==== The input ====
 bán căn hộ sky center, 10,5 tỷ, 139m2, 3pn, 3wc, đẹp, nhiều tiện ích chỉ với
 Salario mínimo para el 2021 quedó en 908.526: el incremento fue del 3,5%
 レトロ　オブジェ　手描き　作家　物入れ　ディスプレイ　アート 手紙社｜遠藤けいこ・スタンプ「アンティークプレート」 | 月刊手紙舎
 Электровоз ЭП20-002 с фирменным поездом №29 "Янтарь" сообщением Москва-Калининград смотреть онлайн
====
==== The input ====
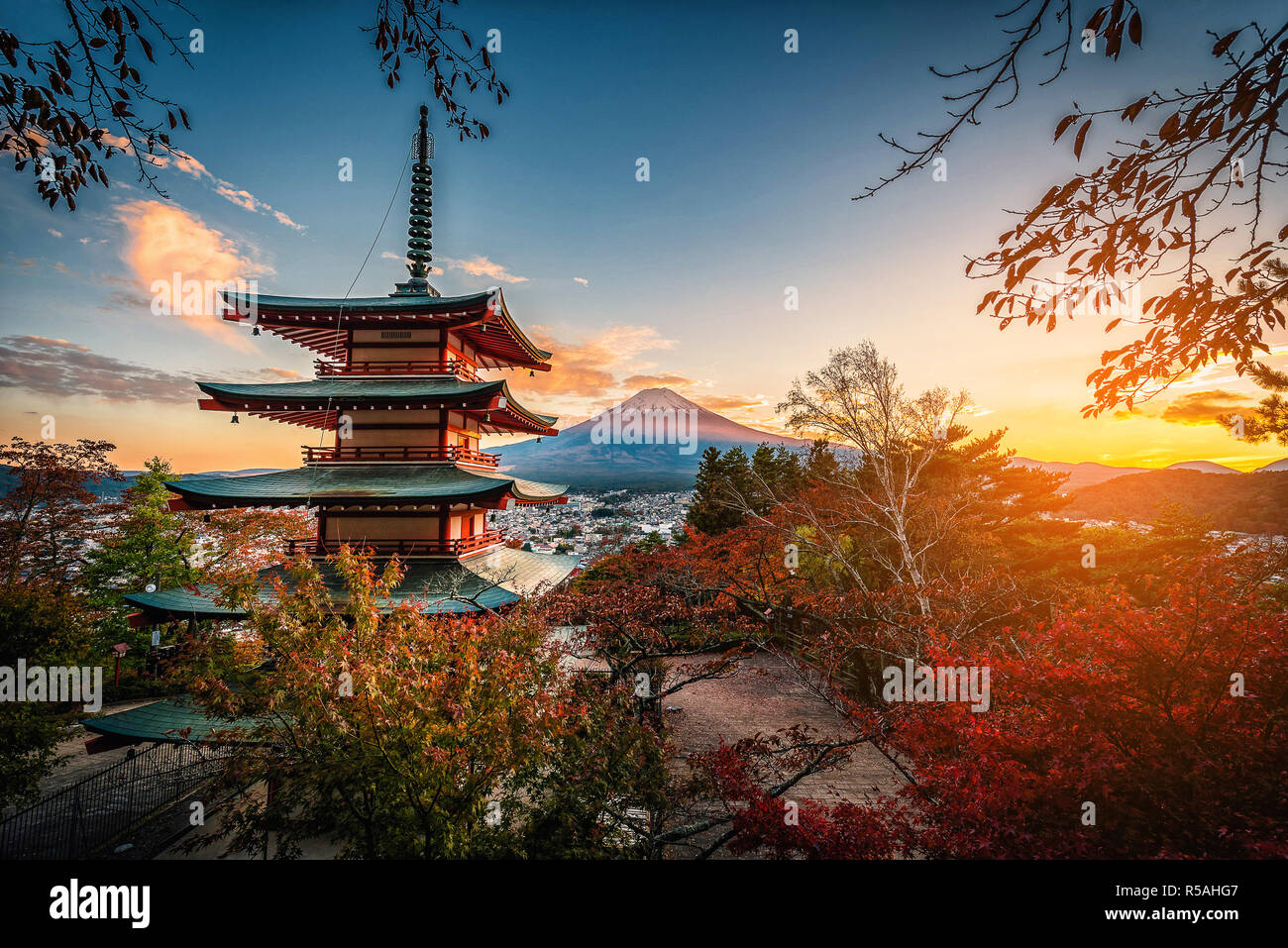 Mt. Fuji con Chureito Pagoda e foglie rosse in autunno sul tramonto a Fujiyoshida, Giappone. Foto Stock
====
## Exercise objective:
In the listing above, find the line with "レトロ　オブジェ　手描き　作家　物入れ　ディスプレイ　アート 手紙社｜遠藤けいこ・スタンプ「アンティークプレート」 |" and the line with "Электровоз ЭП20-002 с"; set down exactly those two lines and every line between them, nothing more.

## Result:
 レトロ　オブジェ　手描き　作家　物入れ　ディスプレイ　アート 手紙社｜遠藤けいこ・スタンプ「アンティークプレート」 | 月刊手紙舎
 Электровоз ЭП20-002 с фирменным поездом №29 "Янтарь" сообщением Москва-Калининград смотреть онлайн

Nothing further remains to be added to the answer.